* [Brief]
What is needed is an exact copy of the lines from the line holding "OFF-WHITE SS22 斜纹条纹连帽衫 白色 常规版型 OMBB037C99FLE0010110 Cheap" through the end of the material, with no other lines and no pictures.

* [Excerpted data]
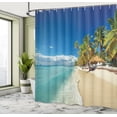 thumbnail image 4 of Ambesonne Island Shower Curtain, Sunny Beach at Island Art, 69"Wx84"L, Cobalt Blue and Multicolor, 4 of 4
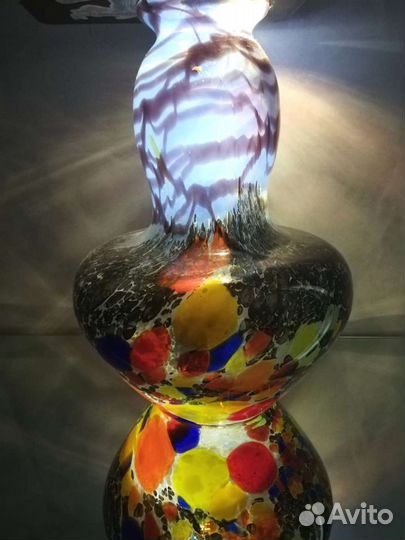 Вазы из цветного гутного стекла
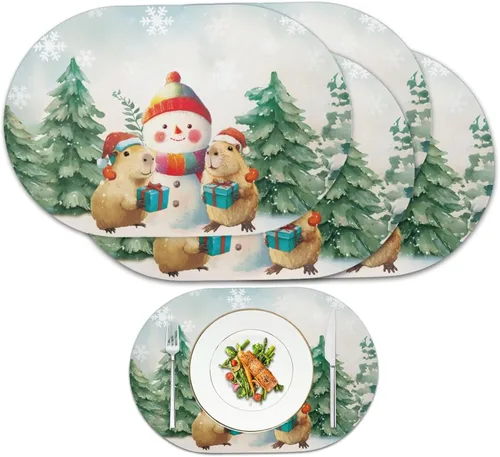 Vista 34 de Buteterfly - Juego de 2 manteles individuales con diseño ovalado, impermeables, lavables, resistentes al calor, decoración del hogar, cocina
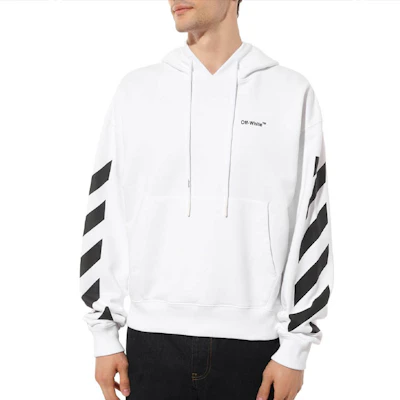OFF-WHITE SS22 斜纹条纹连帽衫 白色 常规版型 OMBB037C99FLE0010110 Cheap OFF-WHITE SS22 斜纹条纹连帽衫 白色 常规版型 OMBB037C99FLE0010110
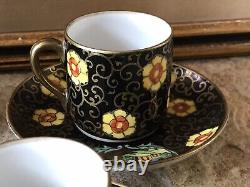 Vintage Japanese Teapot Set Hand Painted Floral Black Gold Japan Antique Rare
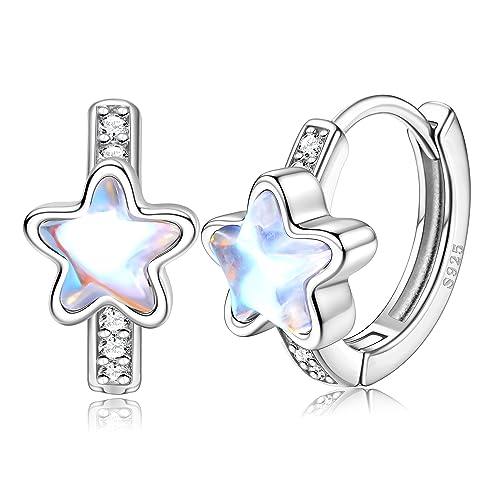 KRFY 925 Silber Ohrringe Creolen für Mädchen Damen Rosa Liebe Herz Stern Zirkonia Mondstein Schläfer Klein Creolen für Kinder Winzige Niedliche Huggie Ohrringe Hypoallergene Schmuck KRFY 925 Silber Ohrringe Creolen für Mädchen Damen Rosa Liebe Herz Stern Zirkonia Mondstein Schläfer Klein Creolen für Kinder Winzige Niedliche Huggie Ohrringe Hypoallergene Schmuck von Krfy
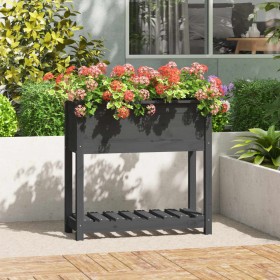 Planter with shelf solid gray pine wood 82.5x34.5x81 cm by vidaXL, Pots and planters - Ref: Foro24-823761, Price: 77,82 €, Di...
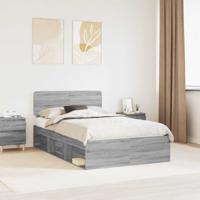 Bedframe Grijs Sonoma 135 x 190 cm Massief grenenhout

* [Output of the exercise]
OFF-WHITE SS22 斜纹条纹连帽衫 白色 常规版型 OMBB037C99FLE0010110 Cheap OFF-WHITE SS22 斜纹条纹连帽衫 白色 常规版型 OMBB037C99FLE0010110
 Vintage Japanese Teapot Set Hand Painted Floral Black Gold Japan Antique Rare
 KRFY 925 Silber Ohrringe Creolen für Mädchen Damen Rosa Liebe Herz Stern Zirkonia Mondstein Schläfer Klein Creolen für Kinder Winzige Niedliche Huggie Ohrringe Hypoallergene Schmuck KRFY 925 Silber Ohrringe Creolen für Mädchen Damen Rosa Liebe Herz Stern Zirkonia Mondstein Schläfer Klein Creolen für Kinder Winzige Niedliche Huggie Ohrringe Hypoallergene Schmuck von Krfy
 Planter with shelf solid gray pine wood 82.5x34.5x81 cm by vidaXL, Pots and planters - Ref: Foro24-823761, Price: 77,82 €, Di...
 Bedframe Grijs Sonoma 135 x 190 cm Massief grenenhout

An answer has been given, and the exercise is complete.